FreeBSD developers released updates to eliminate critical vulnerability in the Ping utility, which is monitored as CVE-2022-23093 and can be used for remote code execution. The gap in protection is caused by the overflow of the buffer when processing incoming ICMP messages. As FreeBSD developers found out, the PR_PACK () function, which copies the selected IP and ICMP-headings to the stack buffers for further processing. At the same time, she does not take into account that in the package, after the IP headline, additional expanded headlines may be present. If there are still such, then PR_PACK () will rewrite up to 40 bytes in stack.
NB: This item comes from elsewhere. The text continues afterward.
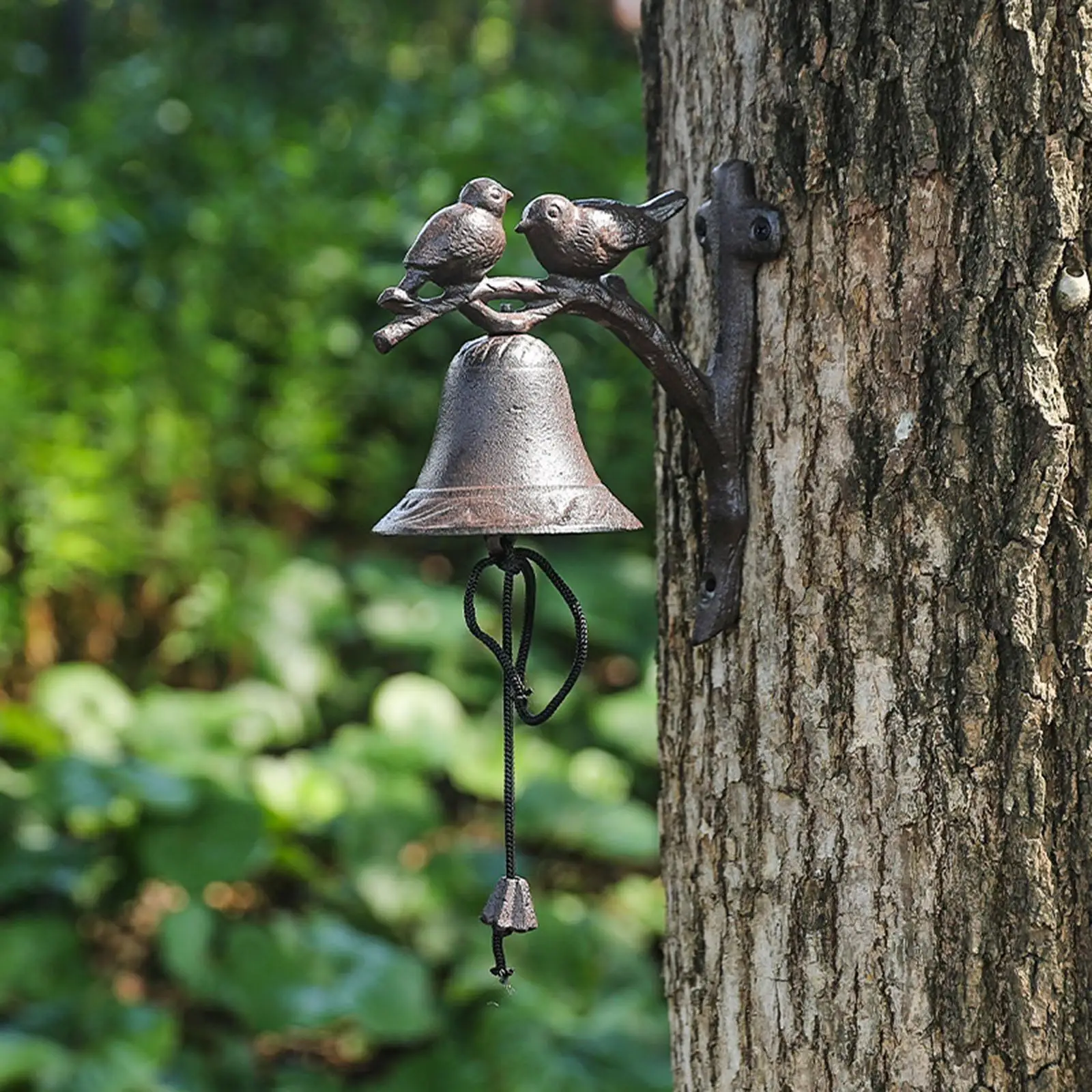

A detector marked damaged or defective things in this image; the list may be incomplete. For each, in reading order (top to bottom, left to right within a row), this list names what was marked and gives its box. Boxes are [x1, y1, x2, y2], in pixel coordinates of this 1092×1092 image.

Successful exploitation of vulnerability can lead to utility failures, and also allows a remote hacker to execute an arbitrary code with ROOT-privilegies. This works like this due to the fact that Ping uses RAW skat and is performed with increased privileges to send and receive ICMP messages (the utility is supplied with the Setuid Root flag).
As the accompanying FreeBSDs say, the danger of CVE-2022-23093 significantly reduces that Ping is launched in a state of systemic call isolation, which does not easily access the system after exploitation of vulnerability.
It is known that all existing FreeBSD versions are subject to vulnerability. Correction is included in updates 13.1-Release-P5, 12.4-RC2-P2 and 12.3-Release-P10.